In a video posted on X, what appear to be three settlers in IDF-like uniforms aim down a rocky hillside shooting at Palestinians around a cluster of buildings. According to other posts, no one was killed, but that is not always the case. Before the war in Gaza, 2023 was already the deadliest year for Palestinians in the West Bank since 2005. As of publication, at least 190 Palestinians have been killed in the West Bank, according to the Palestinian Authority. In an interview on its website, Mairav Zonszein, Senior Analyst for Israel-Palestine at The International Crisis Group, said most of those killed “were the victims of Israeli soldiers’ fire, but eight of them, including one child, were gunned down by settler militias, sometimes in army uniform.”

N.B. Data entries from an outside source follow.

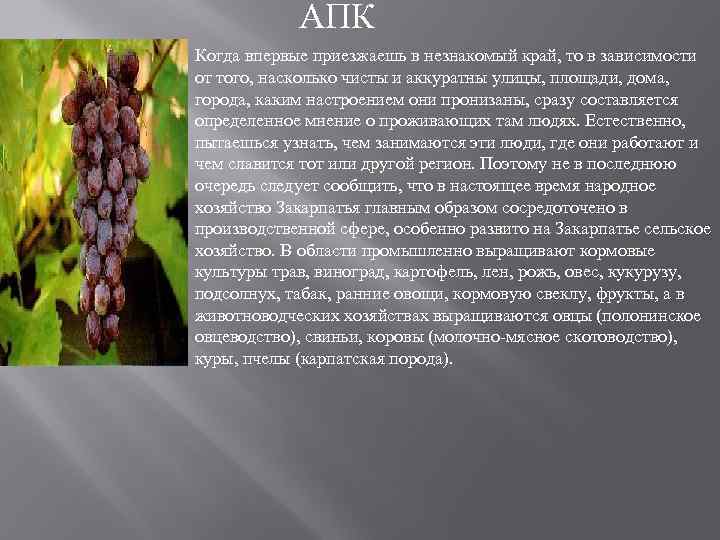 АПК Когда впервые приезжаешь в незнакомый край, то в зависимости от того, насколько чисты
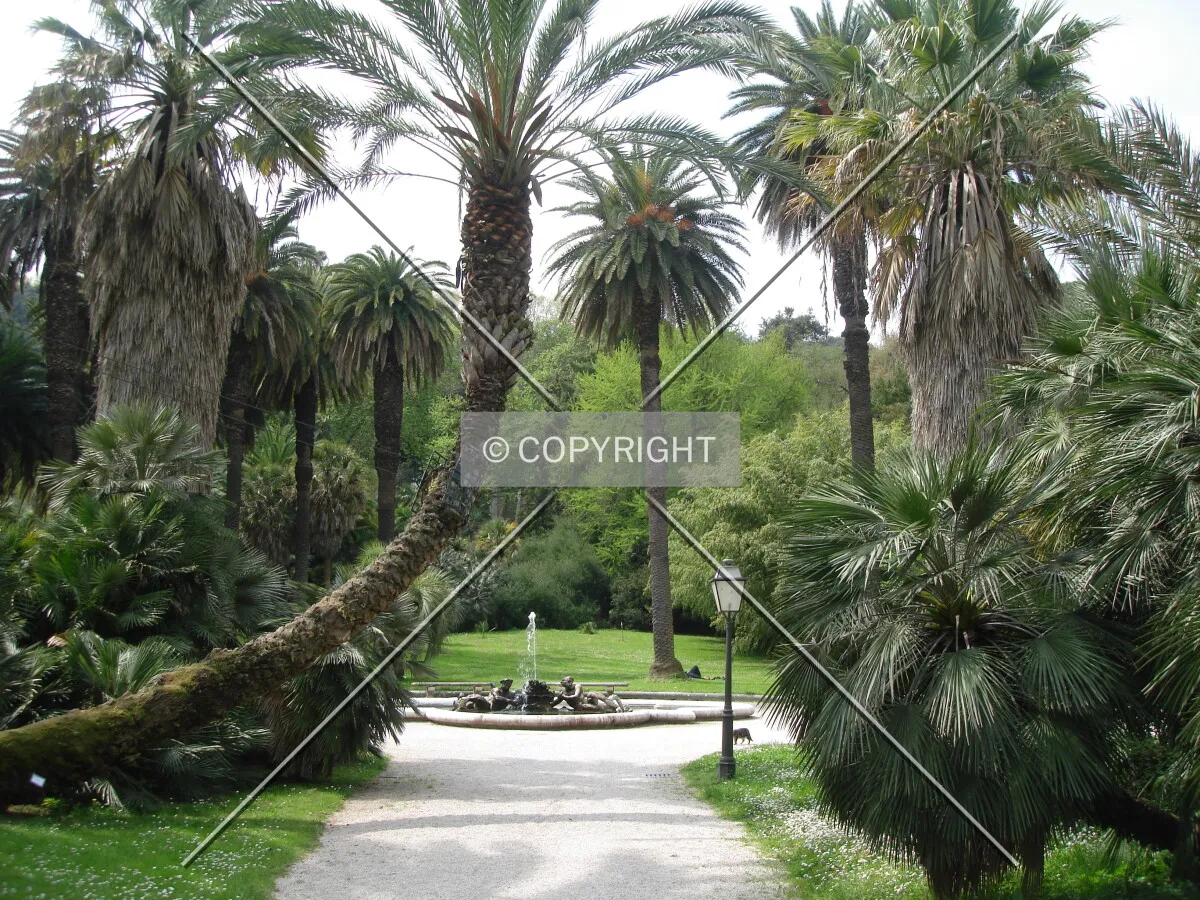 Photo 274-525-469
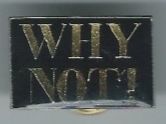 WHY NOT!, Pin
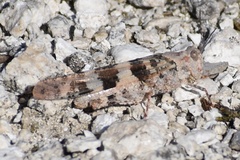Trimerotropini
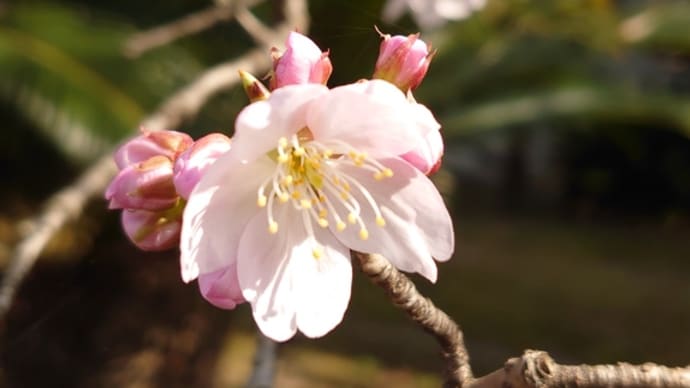 桜の話②～明正寺桜～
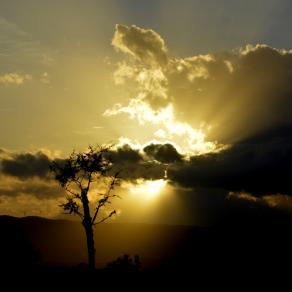 Tramonto in Toscana 101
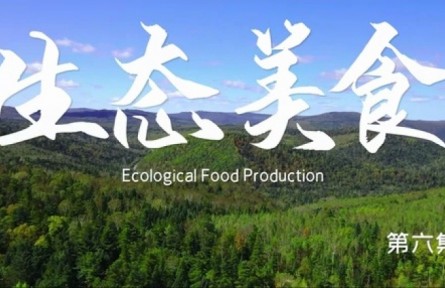美麗中國(guó)·The Great Beauty of China: Ecological Food Production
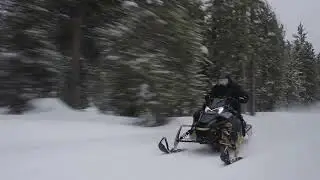 2024 Sidewinder SRX LE EPS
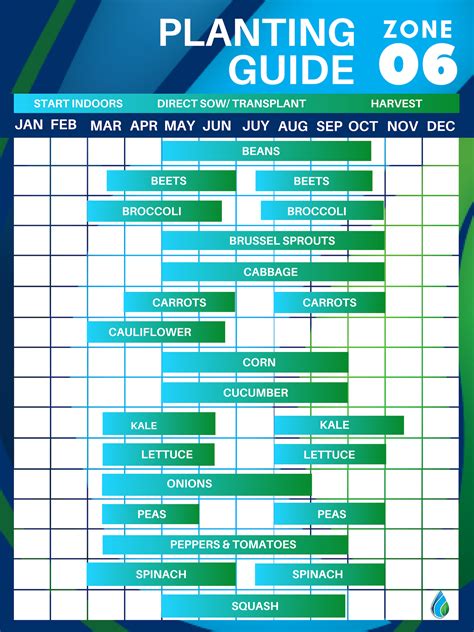 Zone 6 Planting Schedule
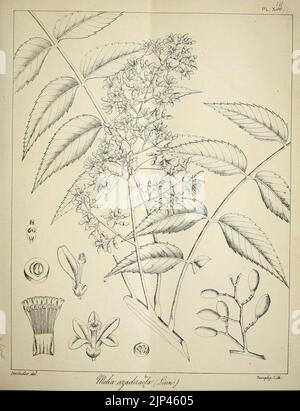 Die flora sylvatica für Südindien (PL. XIII) (6966770011) Stockfoto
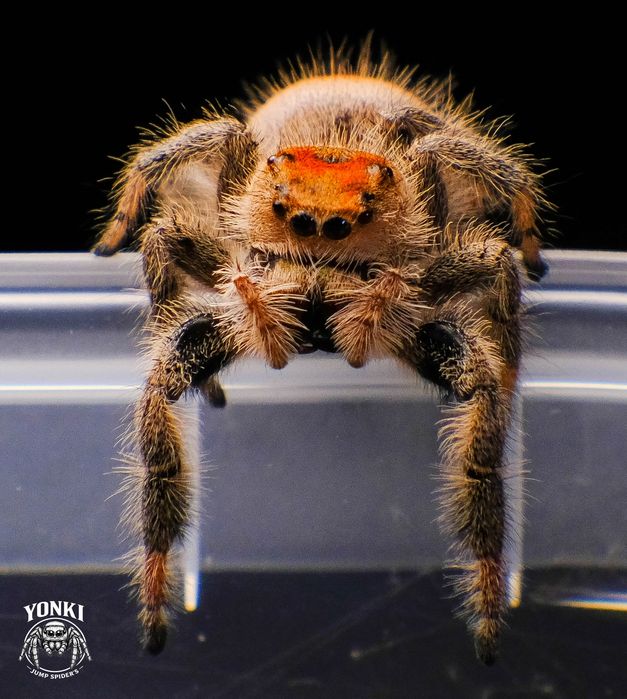 Skakun Królewski Phidippus regius Hendry County  L3/4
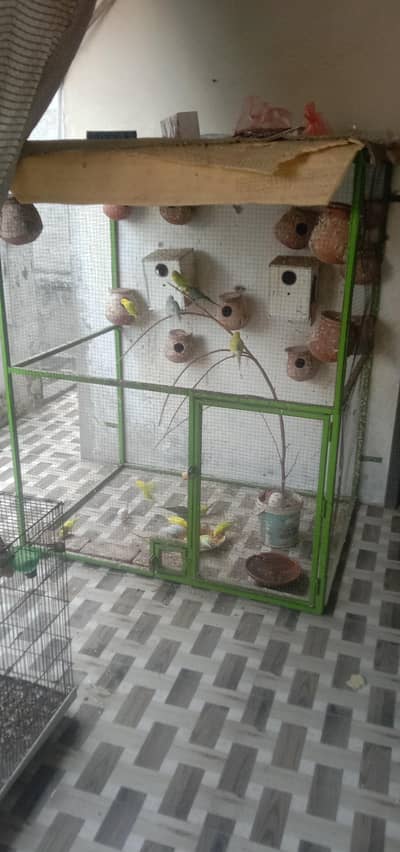 parrots with cage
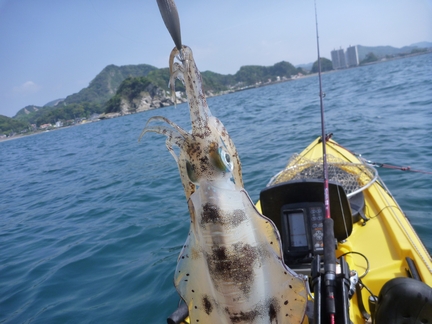 P1010912_aori.jpg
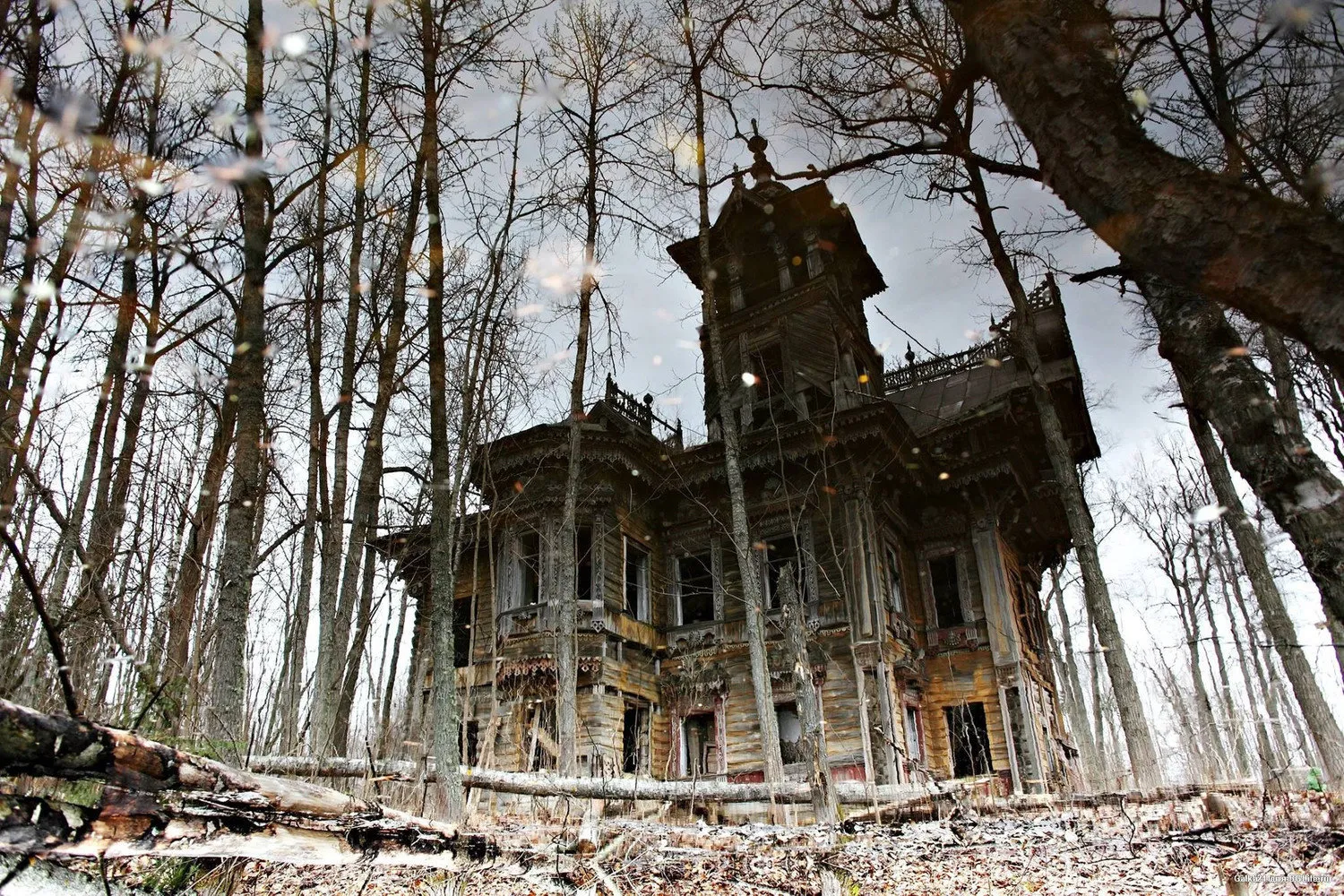 Forest house of Martyan Sazonov before restoration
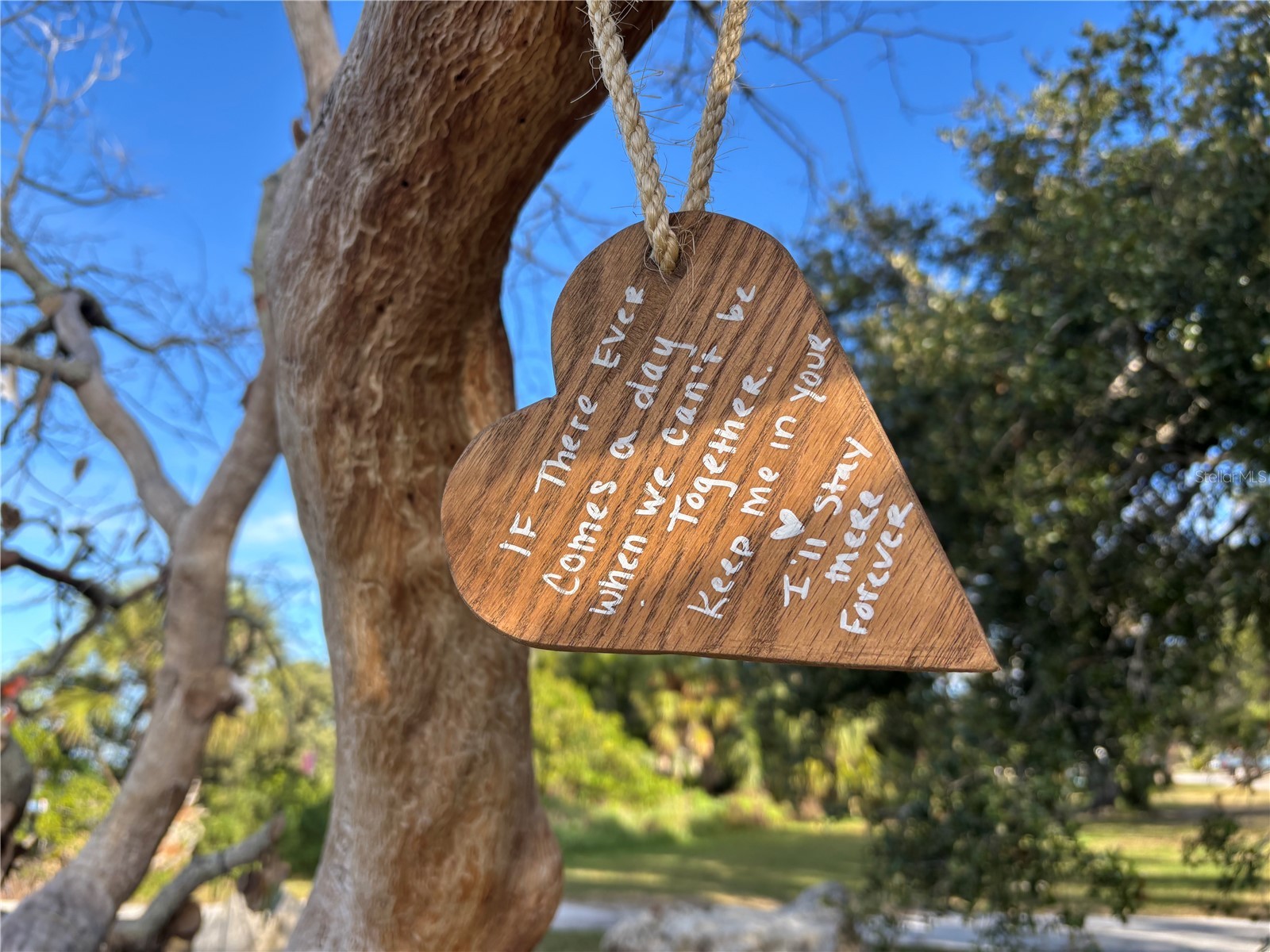 512 Tennessee Avenue Crystal Beach FL 34681 TB8454793 image19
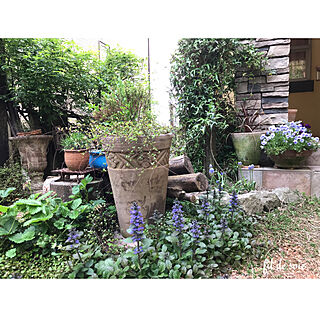 玄関/入り口/2018.4.24/植物のある暮らし/手作りの庭/模擬石貼り外壁...などのインテリア実例 - 2018-04-24 20:23:50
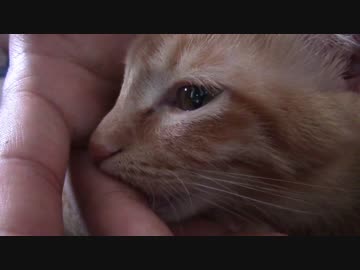 ねこねこがやってきた part１２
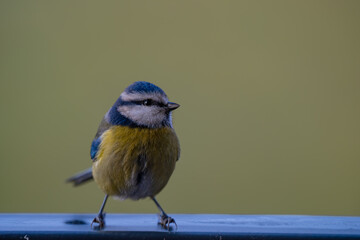 Alert Eurasian Blue Tit (Cyanistes caeruleus) Perched Against Green Background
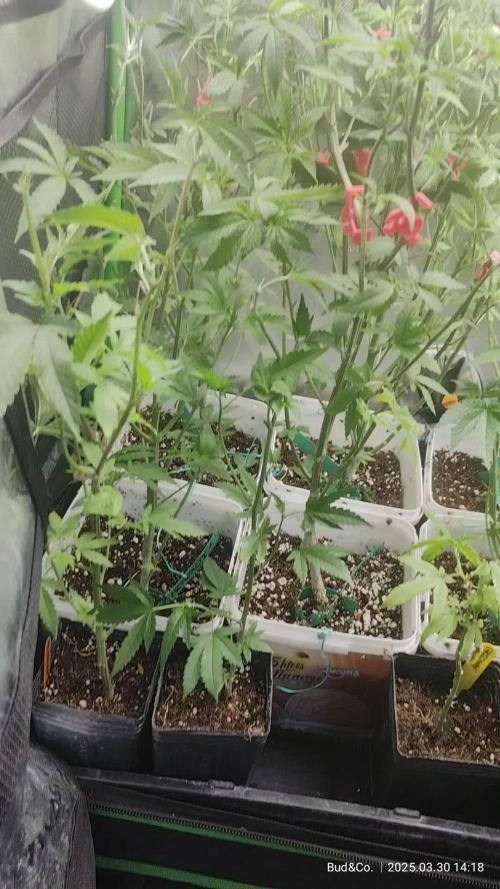 Bud&Co. - By CannaGrower (BR)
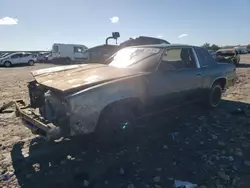 Salvage cars for sale at New Orleans, LA auction: 1981 Oldsmobile Cutlass Supreme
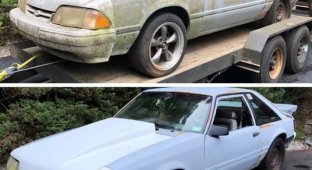 The power of cleanliness (19 photos)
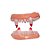 Dentadura de Vampiro - 1 unidade - Rizzo - Imagem 1
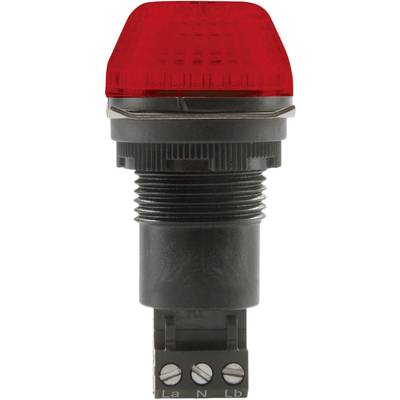 Auer Signalgeräte Signalleuchte LED IBS 800502405 Rot Rot Dauerlicht, Blinklicht 24 V/DC, 24 V/AC 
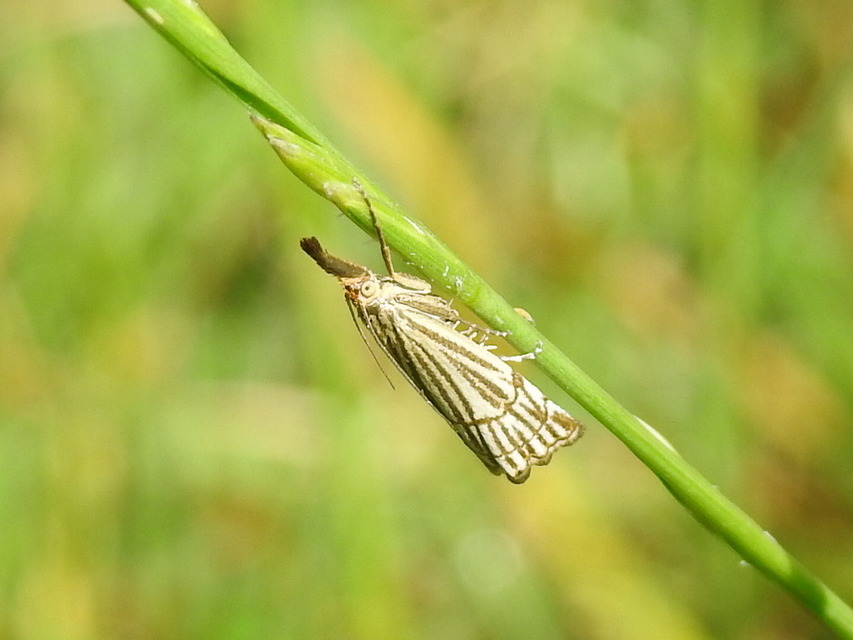 Chrysocramboides craterella - rácsos fűgyökérmoly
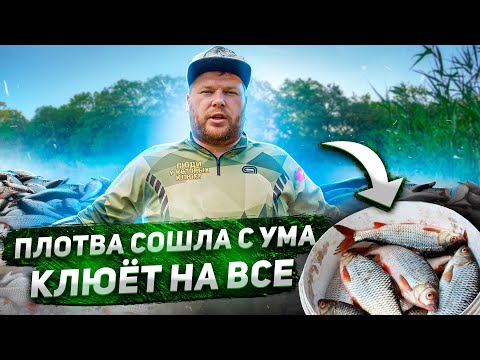 Видео: ПЛОТВА СОШЛА С УМА КЛЮЁТ НА ВСЁ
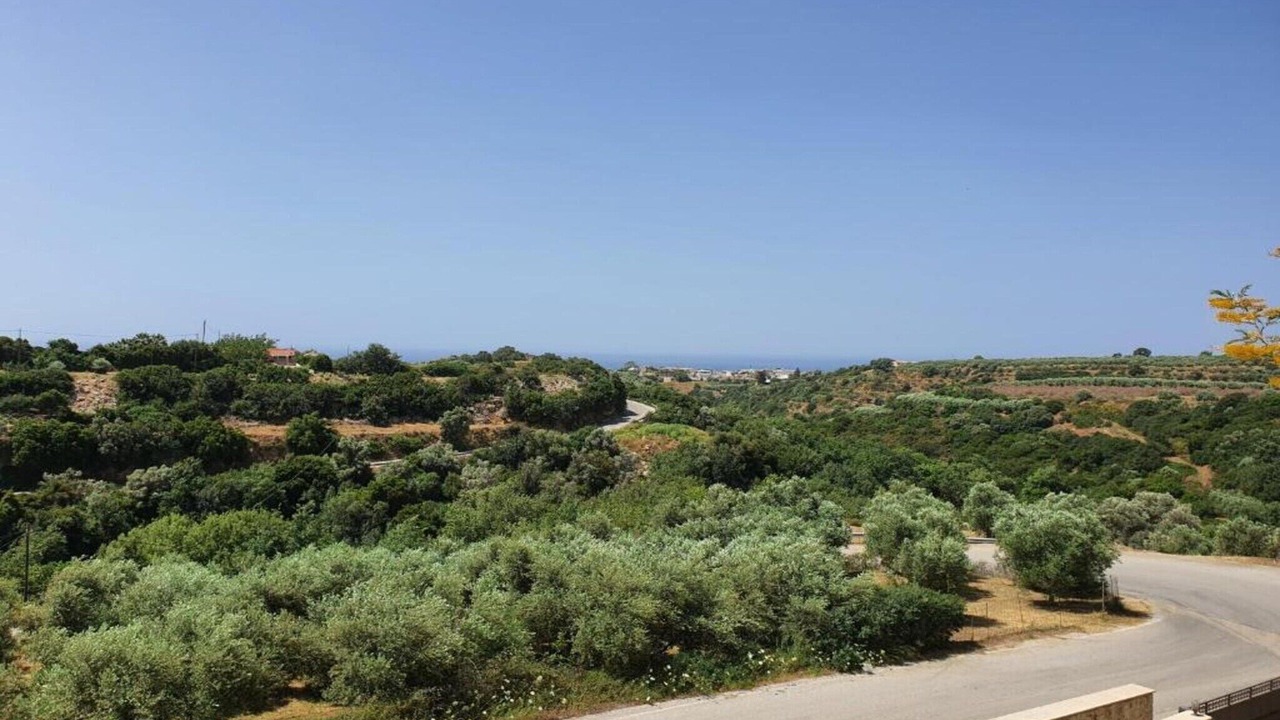 Photo of Others in Vasilikos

Settlers are using the IDF uniform to threaten Palestinians, employing a symbol of the force that oppresses them. It also serves to confuse and muddy the true nature of the violence, and to provide a veneer, no matter how thin, of legitimacy. These settlers understand the fear of violence the shade of olive green can inspire. By putting on the uniform, they represent the state, and their actions become a reflection of it.